The Hall stands upon a piece of ground presented to the Company by W. Smallwood, Master, 1487. The first building was destroyed in the Great Fire and the present one is that which replaced it.

The Company now have a livery of 103; a Corporate Income of £5400; and a Trust Income of £233.

The Ordinances of the Pewterers were submitted to the mayor and aldermen in 1348. They may be found in Riley (Memorials, 241). They contain clauses similar to those in the ordinances of other trades, including the power of appointing overseers of their own body. Two years later we find a Pewterer named John de Hiltone brought before the mayor on the charge of making “false” salt-cellars and “potels.” The “false” vessels were forfeited. The use of pewter for domestic purposes was universal. Dishes, plates, basins, drinking cups, measures were all made of pewter. There are luncheon-rooms in the City at the present day where steaks and chops are served on pewter: at Lincoln’s Inn the dishes are still of pewter; in the last century children and servants took their meals off pewter. These facts explain the flourishing condition of the Company and its large income.
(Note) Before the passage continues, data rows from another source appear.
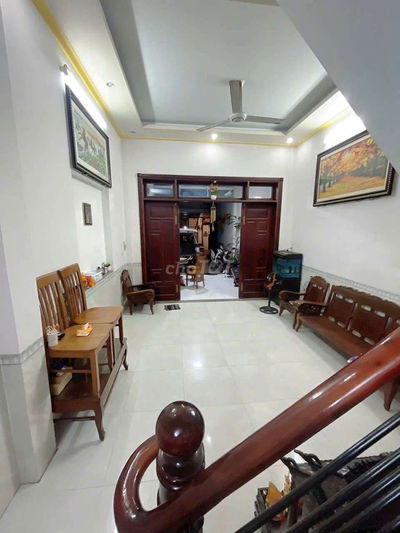 Cần bán nhà PTTN Q12 DT 4 x20 . kết cấu 1trêt 2lầu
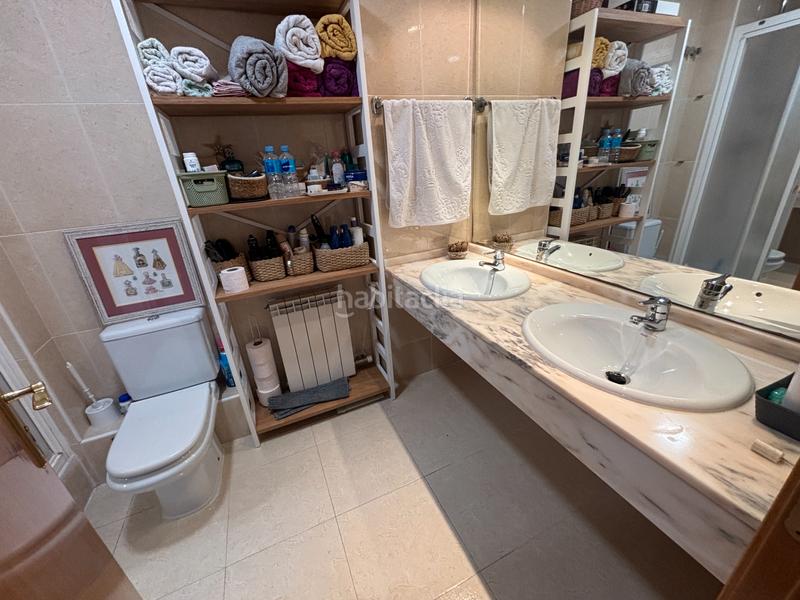 Foto 96b9321c-b317-4c6f-9d87-d30cc13c0380. Casa a schiera con riscaldamento parcheggio in Pardinyes Lleida Foto 96b9321c-b317-4c6f-9d87-d30cc13c0380. Casa a schiera con riscaldamento parcheggio in Pardinyes Lleida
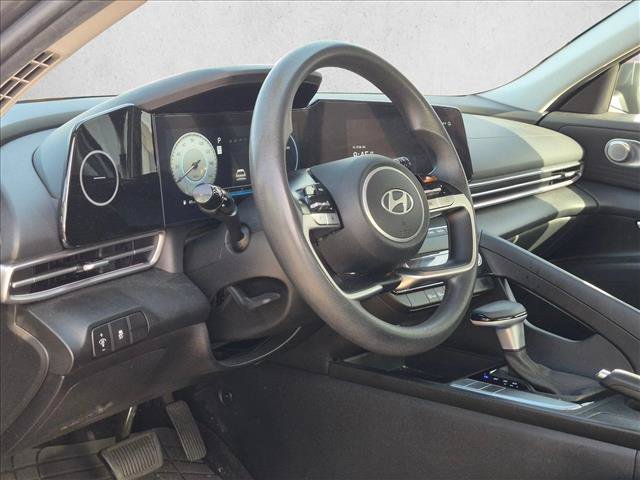 Used 2024 Hyundai Elantra SEL FWD image 2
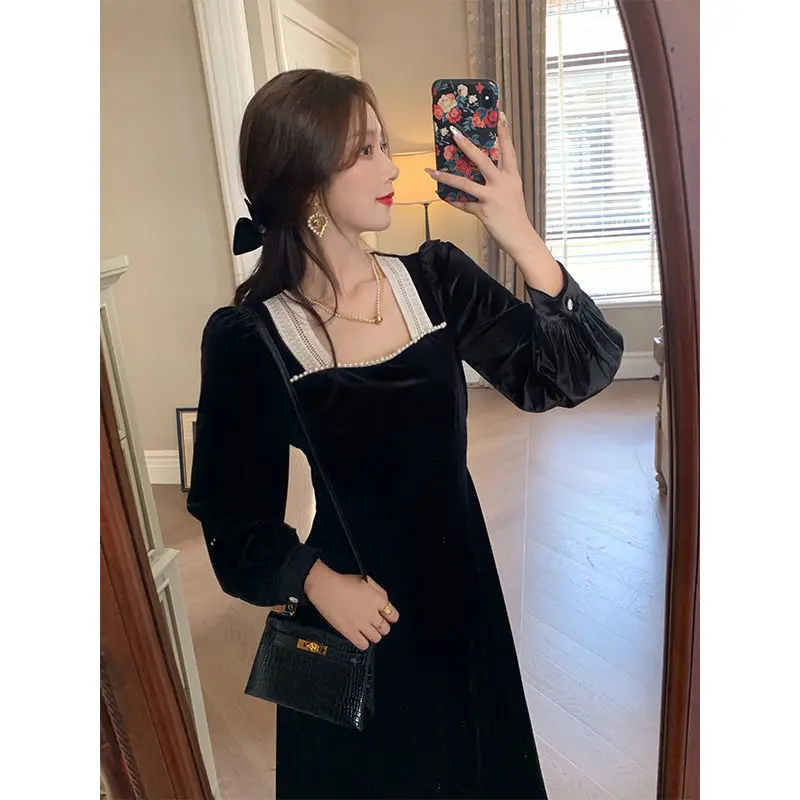 

Pearl Black Velvet Dress 2021 Autumn And Winter New French Square Neck Retro Thin Hepburn Style Long Skirt Female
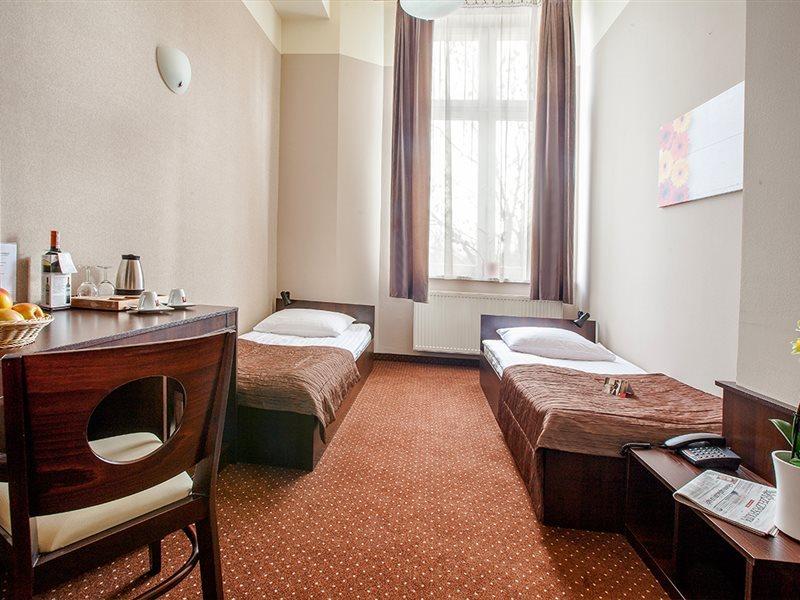 Hotel Diament Economy Гливице Екстериор снимка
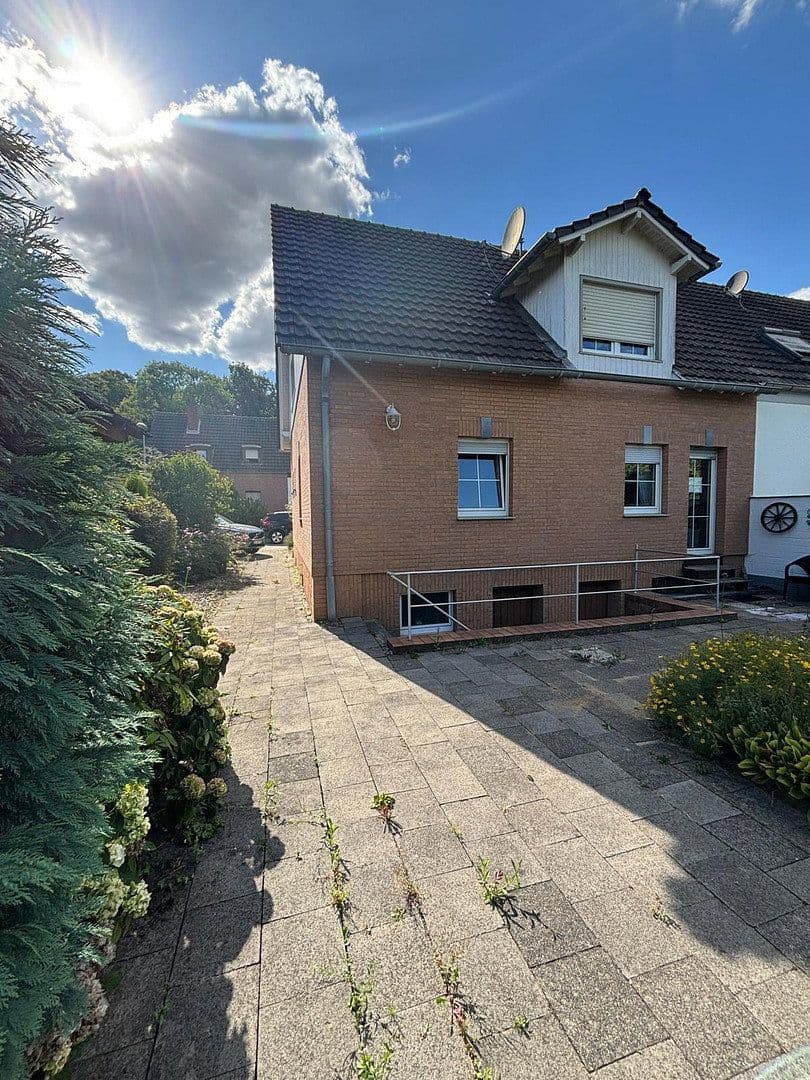 house for sale, 110 m², Linnich, North Rhine-Westphalia house for sale, 110 m², Linnich, North Rhine-Westphalia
St. Dionis Backchurch was situated at the south-west corner of Lime Street behind Fenchurch Street, from which position it probably derived its name of Backchurch. It was burnt down by the Great Fire, and rebuilt by Wren in 1674, and the steeple added in 1684. In 1878 this building was pulled down by an Order in Council. Part of the money obtained from the site was given to the foundation of a new church of St. Dionis at Parsons Green erected in 1885. The earliest date of an incumbent is 1288.